The world health organization (WHO) classifies this disease into 4 categories which differ by their histomorphology, most frequent localization, prevalence, IHC, genetics: Embryonal, alveolar, pleomorphic, and spindle cell/sclerosing RMS [11]. Pleomorphic subtype RMS is the most common subtype in adults [12]. Concerning the histological staining in helping to diagnose RMS, the myogenin and MyoD1, contrary to desmin, are highly sensitive and specific myogenic nuclear transcription factor for RMS and present early in the skeletal muscle differentiation [13].

Due to its rarity, the optimal treatment of adult RMS is uncertain [14]. Currently, the management of adult RMS is in line with the multidisciplinary treatment protocol which is proposed by the Intergroup Rhabdomyosarcoma Study (IRSG) group for treating children with RMS and includes complete surgical resection of the tumor with free margins, radiation and chemotherapy. Surgery and radiotherapy are used for the treatment of primary tumor site; however, chemotherapy is used to prevent tumor spread [15].

IRSG recommends that chemotherapy should be given to all patients with RMS and it improves survival. The recommended combination of chemotherapy includes vincristine, actinomycin-d, etoposide or ifosfamide and cyclophosphamide. Irnotecan, a topoisomerase I inhibitors is also recommended. Concerning radiotherapy, all patients must receive radiotherapy to ablate the microscopic residual tumor and to obtain long term control [16].
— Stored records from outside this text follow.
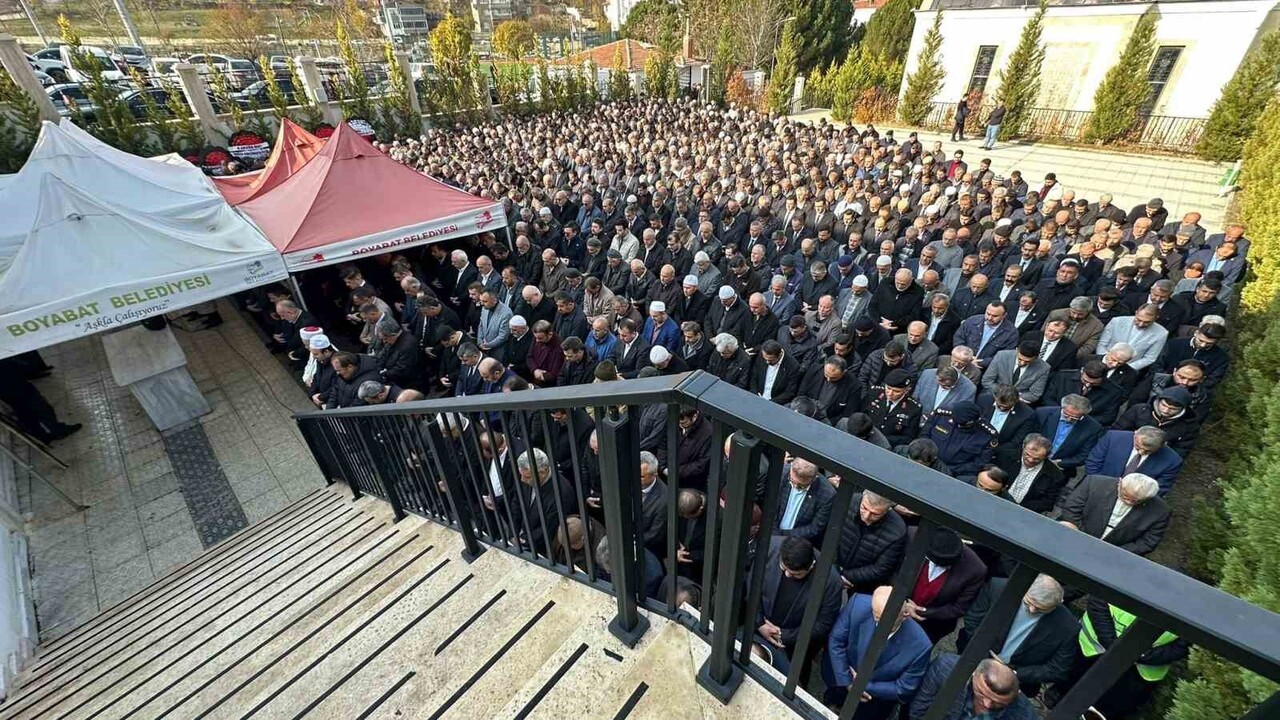 KASTAMONU VALİSİ MEFTUN DALLI'NIN VEFAT EDEN ANNESİ ŞEHRİ DALLI, SİNOP'UN BOYABAT İLÇESİNDE...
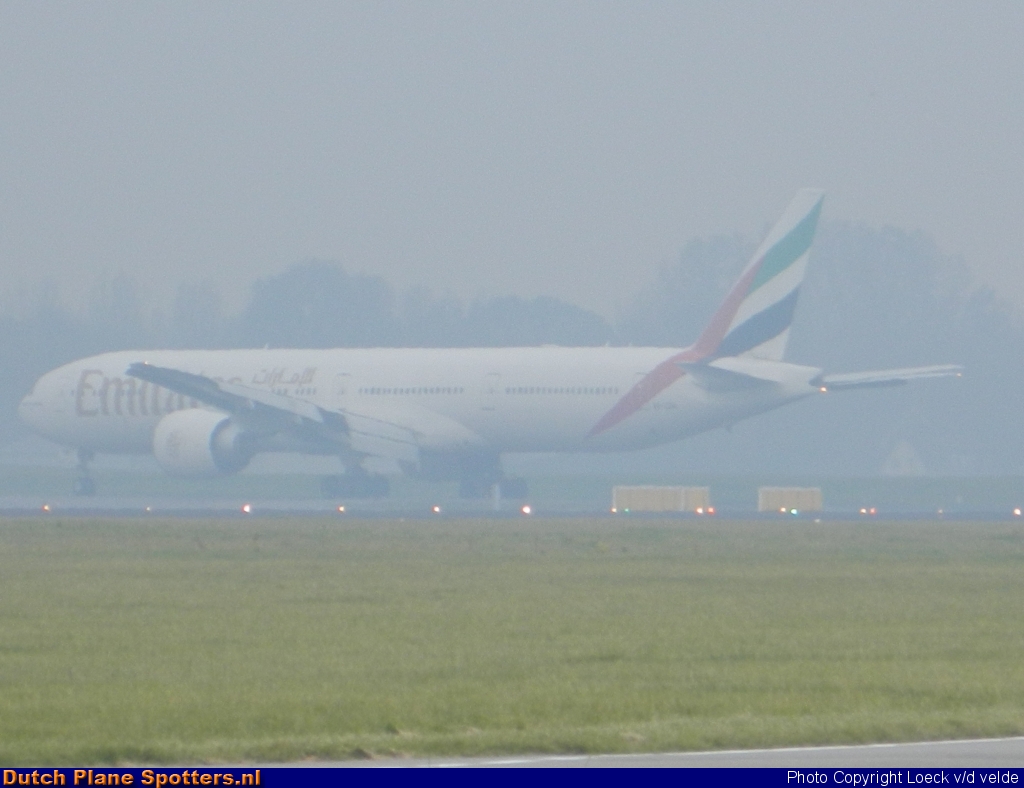 A6-EBR Boeing 777-300 Emirates by Loeck V/d Velde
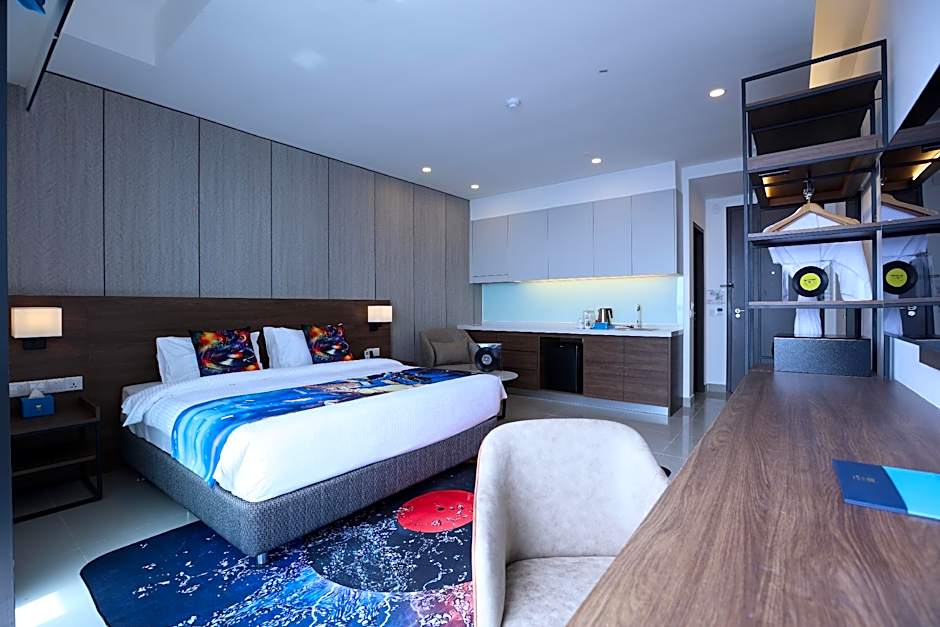 Photo 1 of 4 of Rock Star 1 King Bed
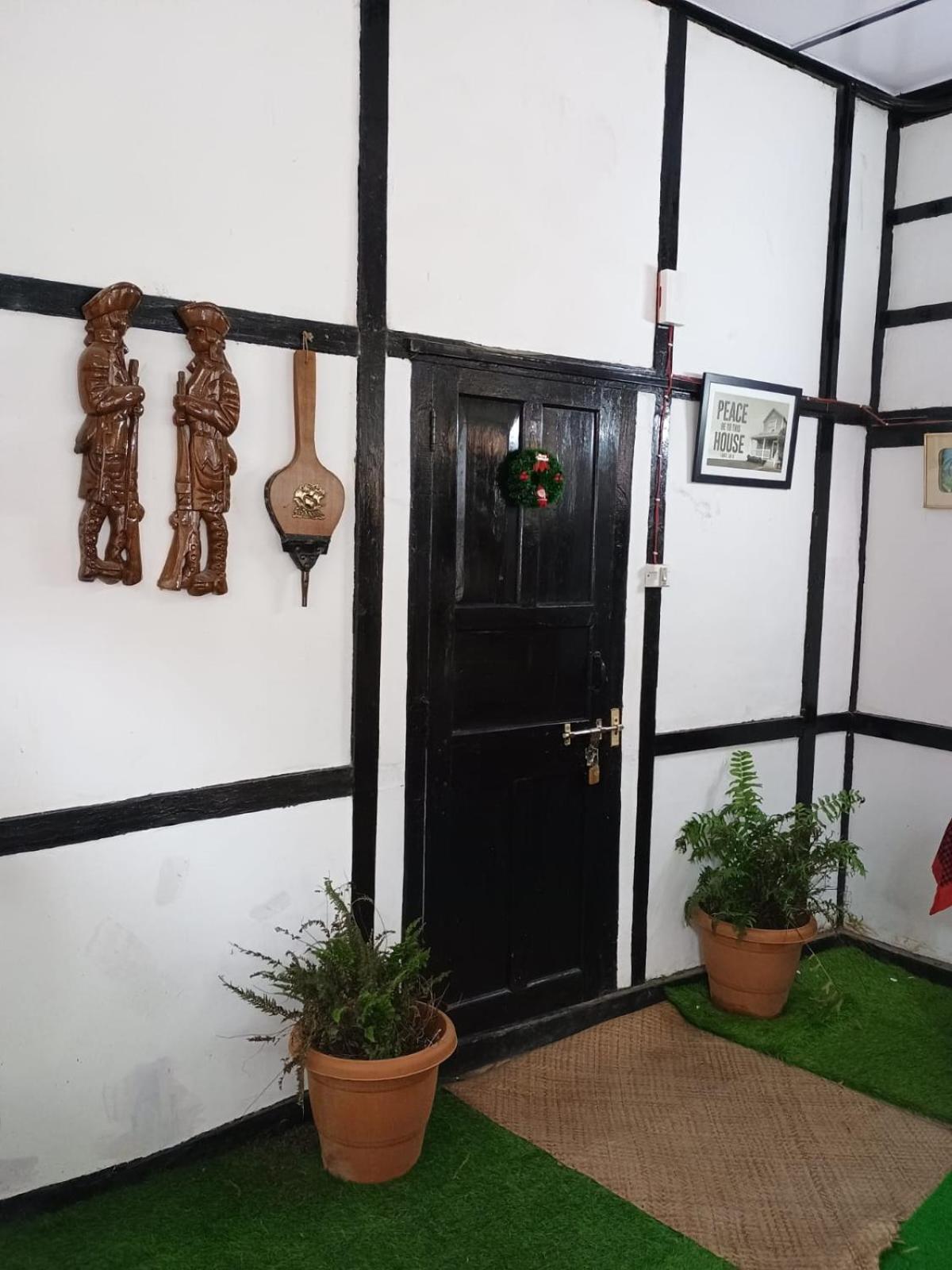 Royal Pine Homestay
Chemo-radiotherapy can also be used as neo-adjuvant therapy that results in down staging of the disease. Thus, it allows complete excision of the tumor [17]. The prognosis is related to the presence of metastasis at presentation and the response to chemotherapy [18]. Adult RMS is very aggressive tumor and has a low 5-year survival rate (27%) compared to that observed in pediatric population [19].

Since RMS in children is a different entity from that of adults in terms of sensitivity to chemo-and radiotherapy, some studies showed that the prognosis in adults can be similar to that observed in children, if they are treated aggressively by using the pediatric protocol [18].


Adult omental RMS is an extremely rare and highly malignant neoplasm with a poor prognosis, even after surgical and chemotherapy interventions. Early diagnosis, complete resection, and appropriate radiotherapy and chemotherapy are the keys to managing this disease. Further studies are needed to develop the optimal treatment protocol for improving the prognosis of patients with this rare but deadly cancer.